The Producer Pays - Wharton School article
An April 2017 article in the Wharton School's online business journal, The Producer Pays, covered extended producer responsibility's (EPR) history and success, in and outside the U.S.
The concept of EPR is that companies that make consumer goods are responsible for managing their products and packaging at their end of life, turning what was formerly waste "into the 'food' for industry and the next generation of products."
"The proper environmental management of the product and its package for their highest and best use becomes part of the costs of doing business, like R&D, marketing, and logistics."
"EPR does not simply shift costs from the public sector to the private sector; it seems to minimize costs through economies of scale, product design and other market forces," according to Connecticut's Materials Management Strategy.
Without a consistent national system, U.S. companies face a patchwork of state and local recycling and producer responsibility laws. According to the director of sustainability at Dow, such a patchwork of state EPR laws is less desirable than "smart federal legislation," because local laws are likely to vary considerably, creating a compliance burden for producers. Just such a concern about meeting the requirements of many different laws led auto manufacturers to agree with the Obama administration on a national vehicle fleet average of 54.5 mpg by 2025; industry has yet to face this in regards to recycling and producer responsibility laws.
Nestlé Waters North America said in support of EPR for packaging, that the EPR model "can better meet the needs of the American marketplace by increasing recycling rates, reducing government spending, and using private-sector efficiencies to reduce the overall cost of recycling."
Upstream's Jamie Rhodes said voluntary programs aren't enough, because they rely on public infrastructure rather than producer responsibility. "There wouldn't be a need for these recycling systems were it not for the products that companies make, and the packaging they chose to use with it."

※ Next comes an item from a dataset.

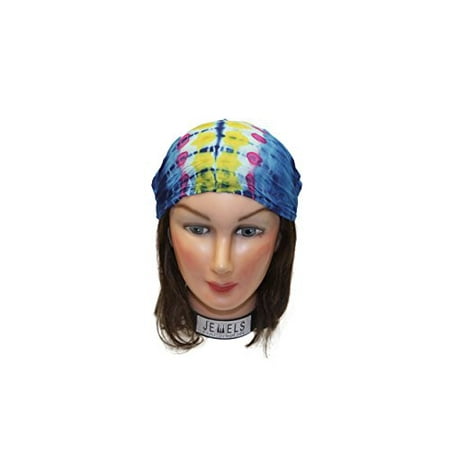 Center Tye Dye Multi Embroidery Headbands / Head wrap / Yoga Headband / Head Scarf / Best Looking Head Band for Sports or Fashion, or Exercise (Dark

Professor Robert Giegengack of the University of Pennsylvania is quoted in the article saying that a society "moving toward a sustainable configuration will have to recycle products that today we consider waste, and to keep those products from contaminating other resources on which we depend... If recycling strategies can be built into the industries that today use our key resources, that's a clear example of a pathway to a future that is less unsustainable than the pathway we are on."